Notes on "spirituality"

The First layer of the Lie

Let’s begin with the foundational claim of non-dual spirituality: "You are not the body. You are not the mind. You are pure consciousness."

Fine. But the moment I say I am the witness, the "I" is still hanging in the air, isn’t it? You can perform all the neti-neti negations you want, but that slippery little pronoun survives every metaphysical cleansing. You haven't dissolved the ego. You've just wrapped it in subtler language.

And if all phenomena are maya—objects appearing in consciousness—then so are the Upanishads. So are the teachers. So are the gurus. So are the scriptures. So is the very claim that all is maya. You can't use illusion to validate the concept of illusion without tying yourself into a perfect paradox.

Why should I believe the people who told me not to believe anything? Why are their words exempt from the laws they claim govern all other phenomena? If everything is illusion, then so is Shankaracharya. So is Buddha. So is the very idea that there is an escape.

What makes them real? Why should I trust the messengers of unreality?

They say: "Don’t trust the world. Trust me. I’ll lead you out."

But you are the world. You are maya. Your voice is part of the illusion you warn me about. You’ve just built a story where doubt proves ignorance and obedience proves understanding. That’s not spiritual clarity. That’s epistemic entrapment.

And even if I allow that some people reach something—some pure state, some realization, some stillness beyond language—it becomes yet another hierarchy. You are realized. I am not. You have seen. I have not. You are beyond. I am below. And what began as liberation ends in subjugation.

So no, I don’t buy it. Not without dismantling the entire scaffolding first. Not without turning the critique on the ones who built the system. If all is illusion, then start by questioning the ones who invented the word.

The Machinery of Maya

Even if I let go of the stories—let go of the winged angels, the elephant-headed gods, the prophets who parted seas, and the gurus who walk on water—I’m still left with the deeper structure. The system. The way these ideas were embedded into people’s lives, the way entire civilizations were shaped by them, often through fear, often through power, often through sheer repetition and ritual until people could no longer tell myth from reality.

Fine. Maybe the ancients didn’t know better.

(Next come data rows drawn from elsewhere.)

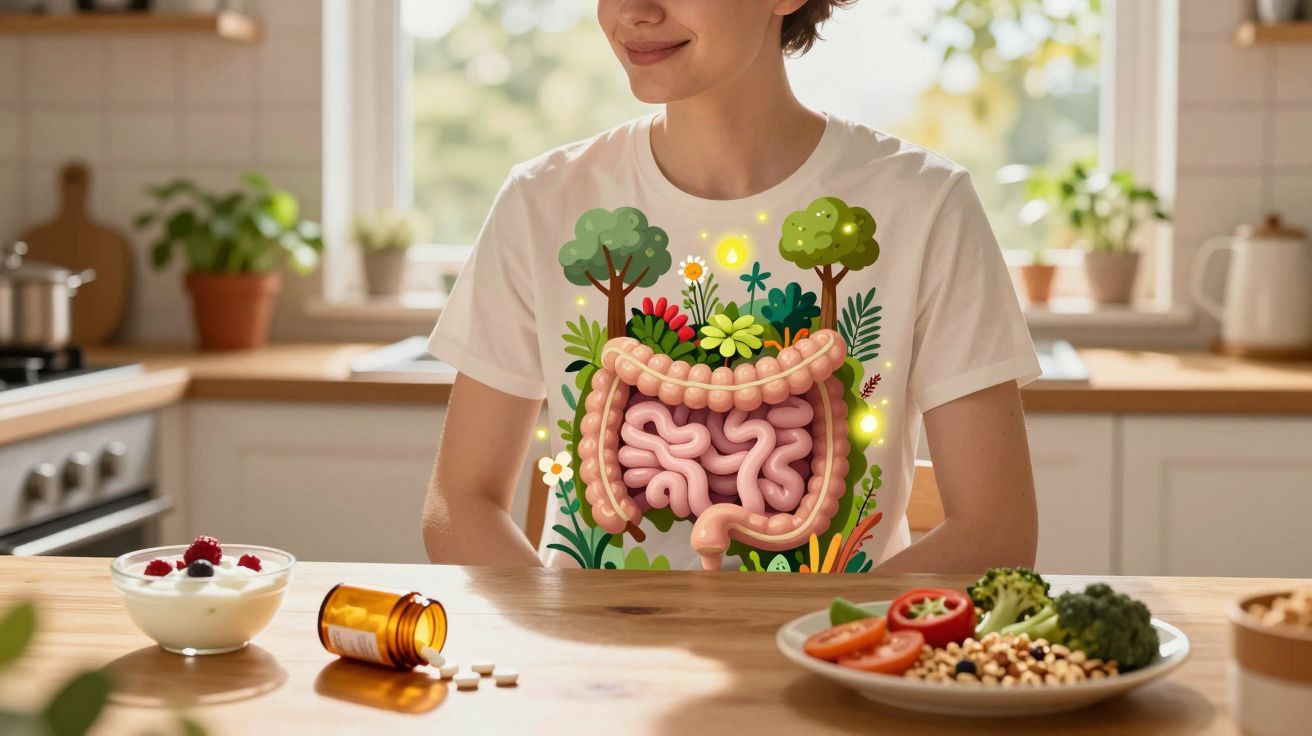 Pessoa com camiseta ilustrando sistema digestivo sentado em cozinha, com comida saudável e suplementos na mesa.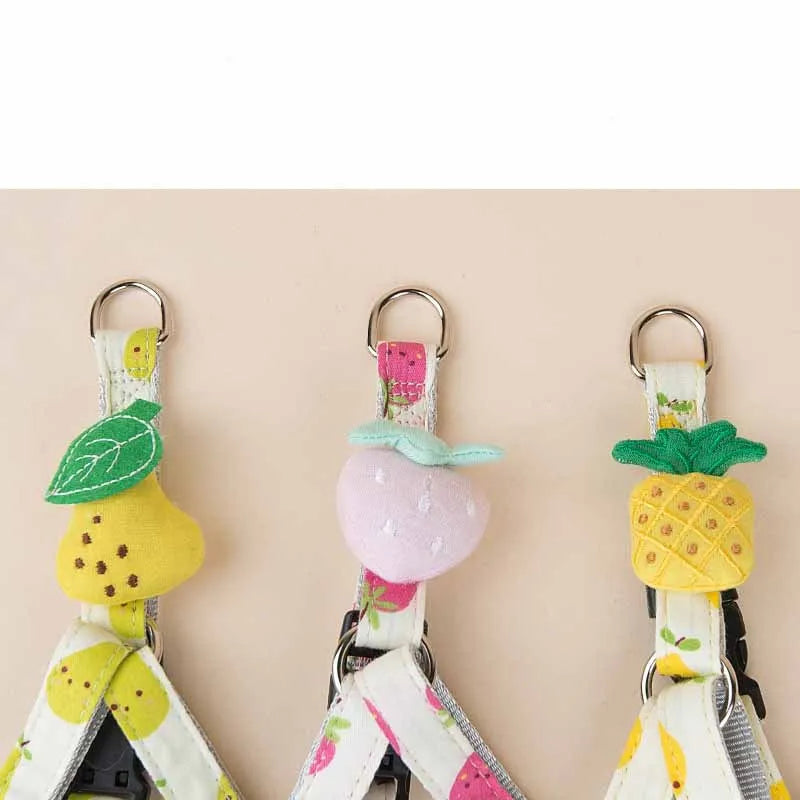 Fruit print dog collar and leash set in polyester, adjustable collar 26-41cm or 30-55cm, 1.2m leash, green, pink or yellow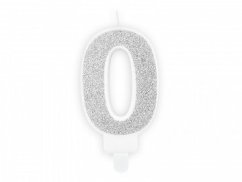 Dortová svíčka stříbrná, číslo 0, 6cm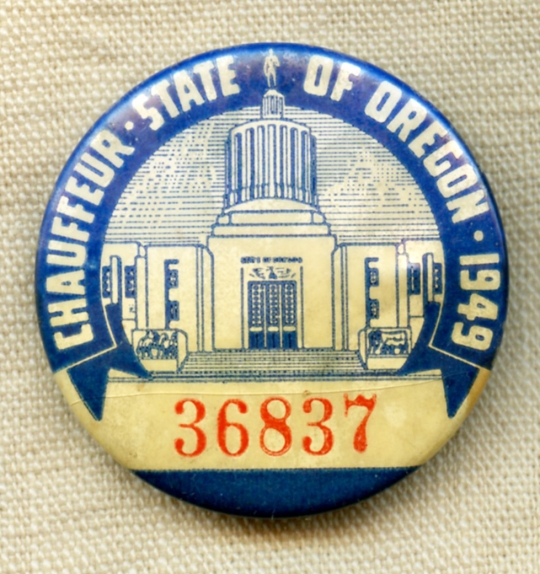 1949 Oregon Chauffeur Badge #36837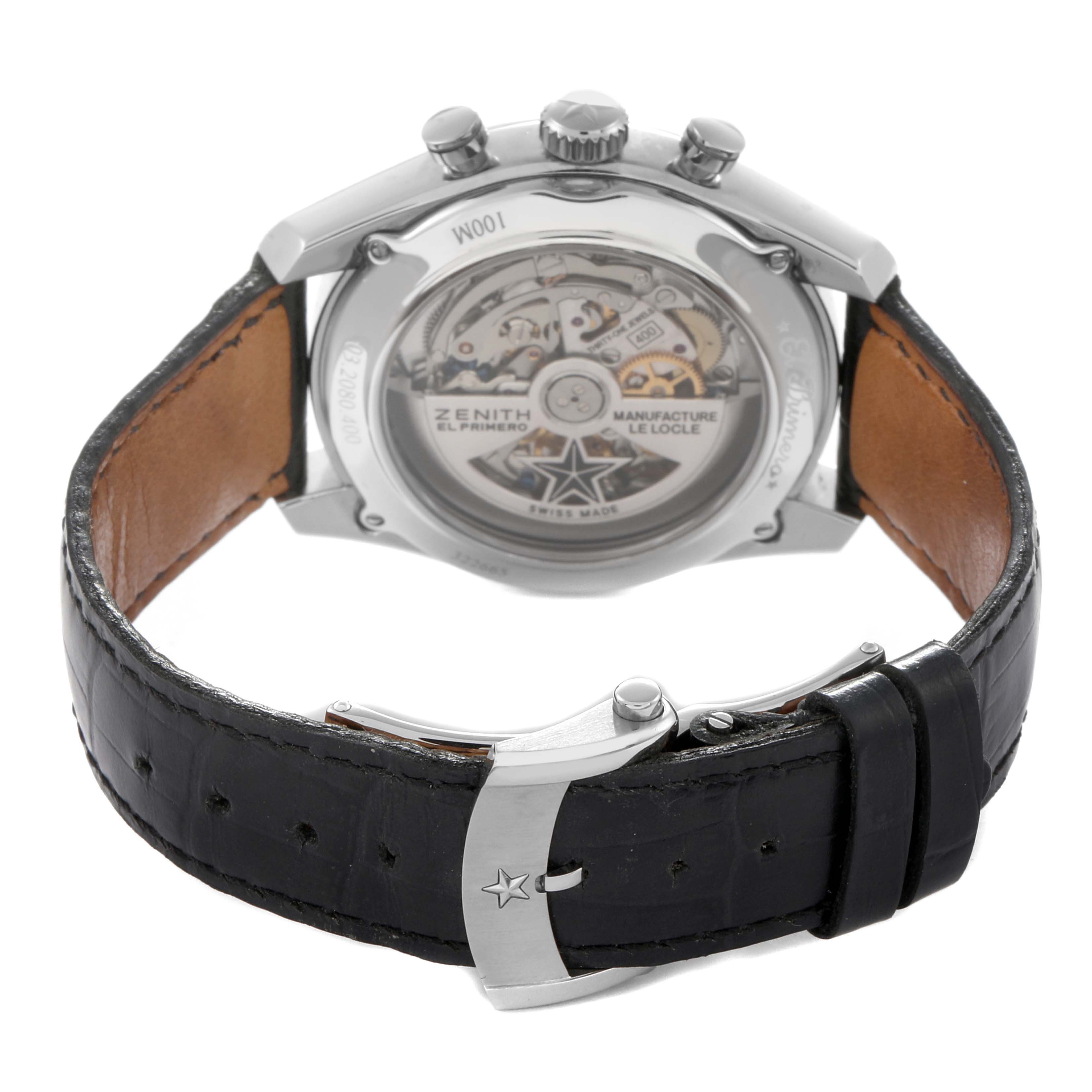 The image shows the back of the Zenith Chronomaster 03.2080.400/21.C496 watch, displaying its exposed movement and leather strap with a clasp.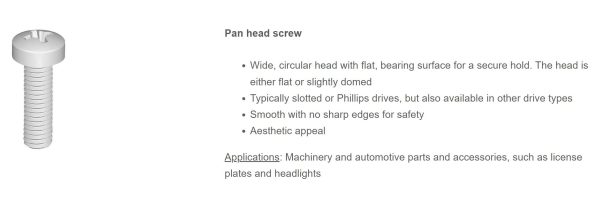 Machine screw type and characteristics
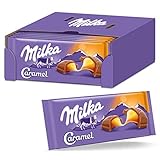 Milka Caramel Schokolade 17 x 100g, Zarte Alpenmilch Schokolade mit Karamellcrème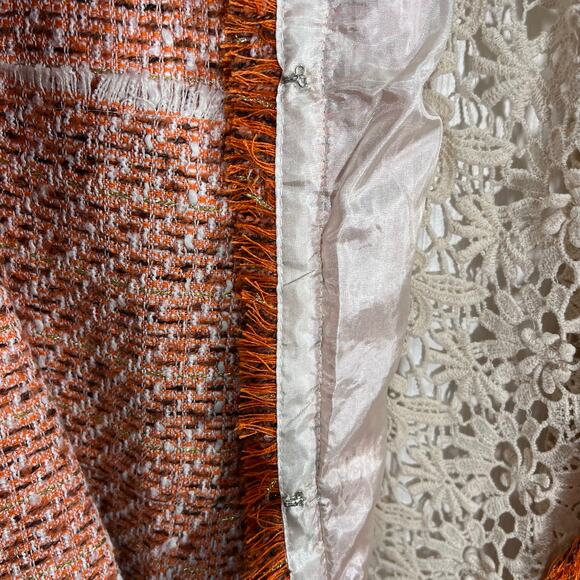 Ryu NWT Tweed Crochet Jacket Orange Cream Soze Medium Boho Classy Professional - Picture 9 of 10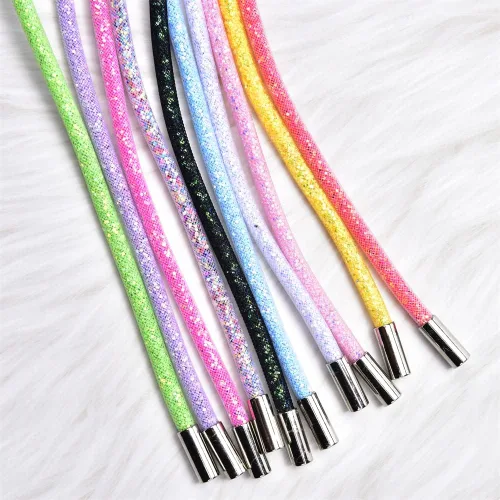 Vista 8 de Cuerda de lentejuelas de color AB suave de 54.3 in con tapón de metal plateado con purpurina pantalones deportivos cinturón sudadera con capucha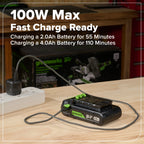 24V Cordless Battery 1/2" 400 in/lbs Drill Driver: 2.0 Ah USB-C Battery and 30W USB-C Fast Charger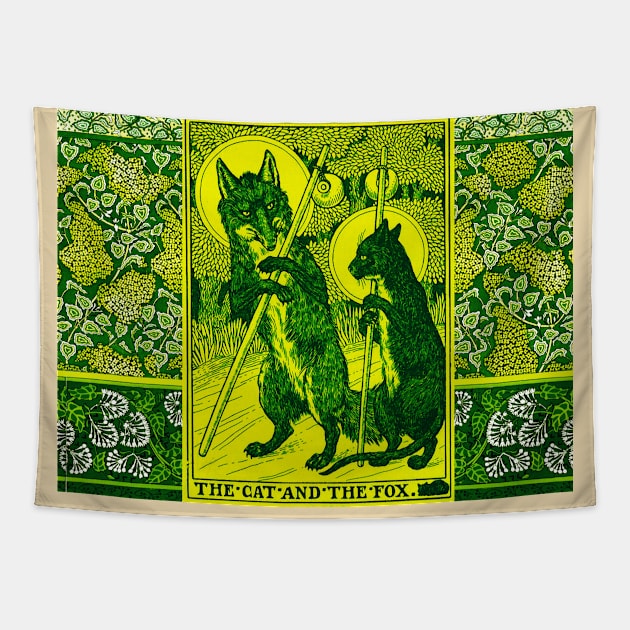 THE CAT AND THE FOX Forest Animals Yellow Green Floral Tapestry by BulganLumini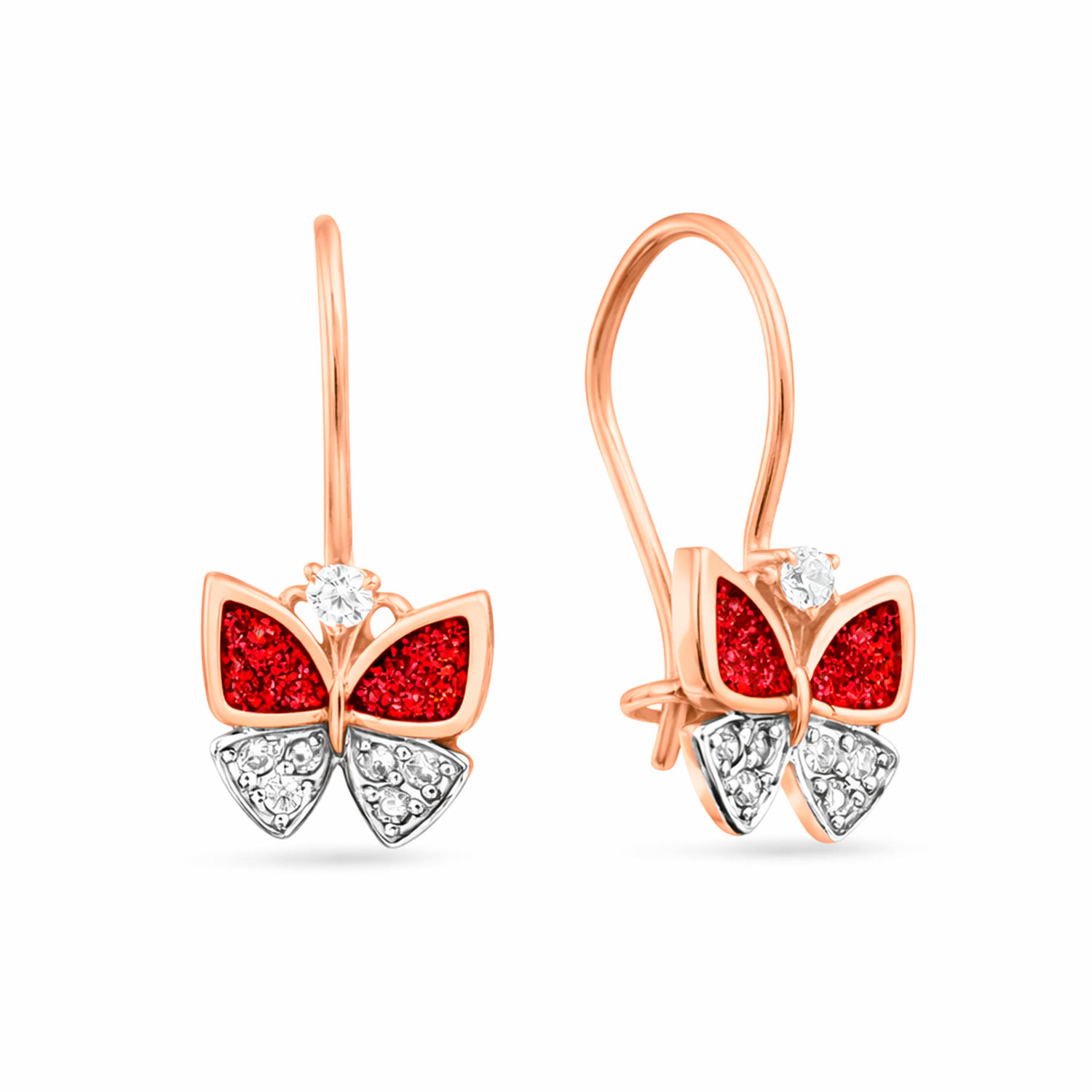 Kinderohrringe Schmetterling aus 585 Rotgold mit Zirkonia und roter Emaille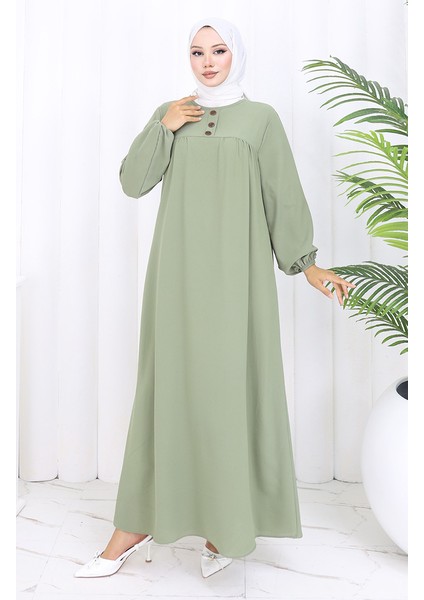 Robalı Elbise 4109-03 Çağla Yeşili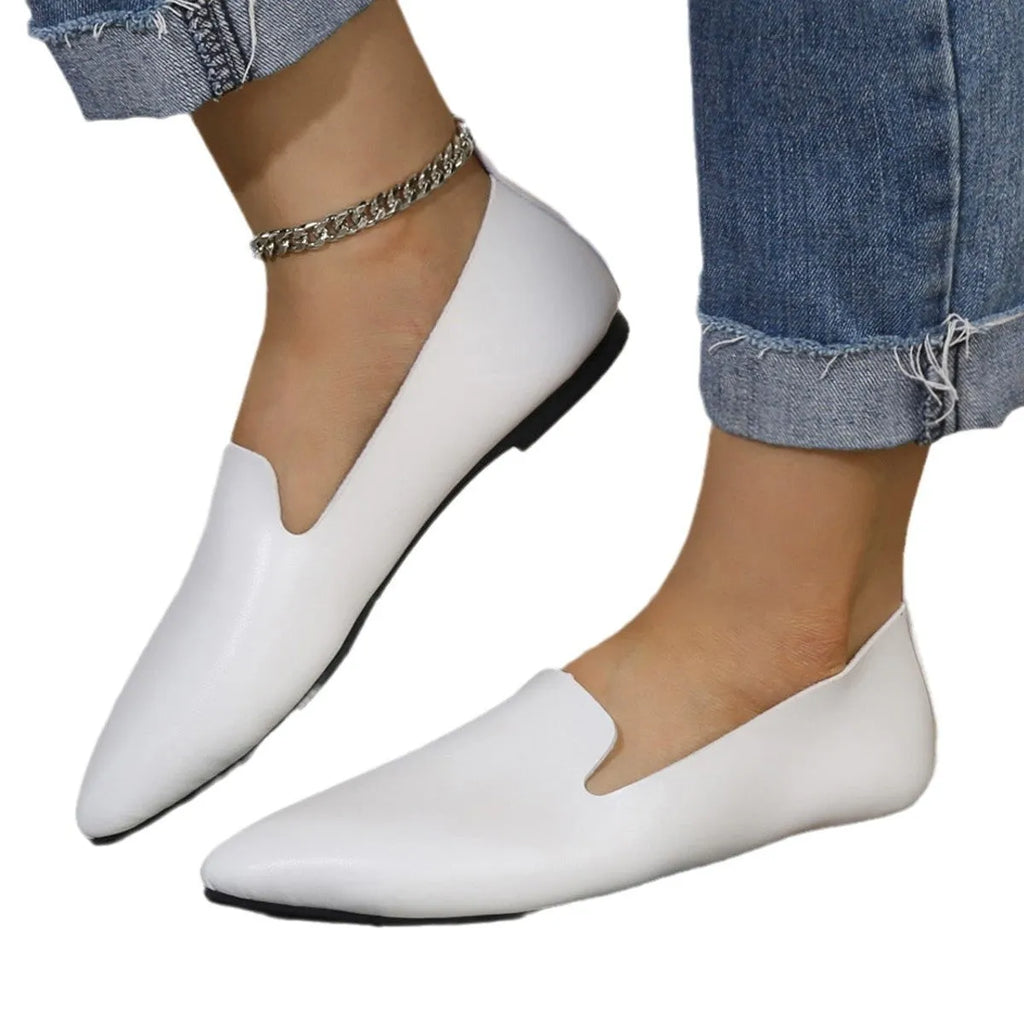 Women's leather flat bottom pumps low-cut low heel pointed toe solid colour black white sizes 36-45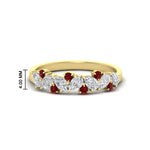 Load image into Gallery viewer, 0.50-carat-pear-diamond-and-ruby-anniversary-wedding-band-in-yellow-gold-FD9174BGRUDR-0.50CT-NL-YG-HW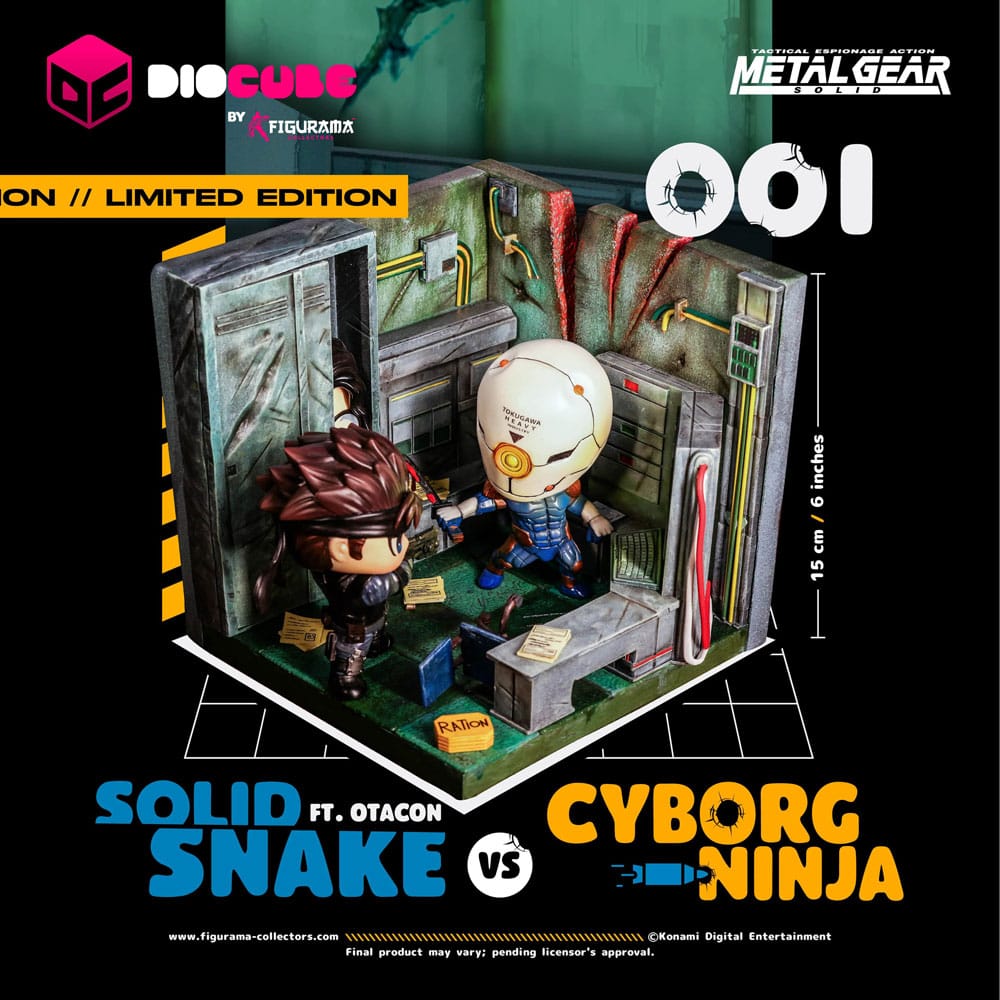 Metal Gear Solid Diorama PVC DioCube Solid Snake Vs Cyborg Ninja Ft Otacon 15 cm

Maybe they needed gods because they didn’t have physics. Maybe they needed miracles because they didn’t have medicine. Maybe they needed stories just to hold themselves together.

But what about the ones who came after?

What about the ones who said: all that was false—but now, here is the truth? What about the Buddha, the so-called awakened one, who walks off into the forest and comes back with a method? No more gods, no more fantasy—just discipline, austerity, renunciation. And then, as if by reflex, the same pattern returns: the monastics, the rituals, the initiations, the hidden lineages. What was supposed to be an escape becomes another architecture of control.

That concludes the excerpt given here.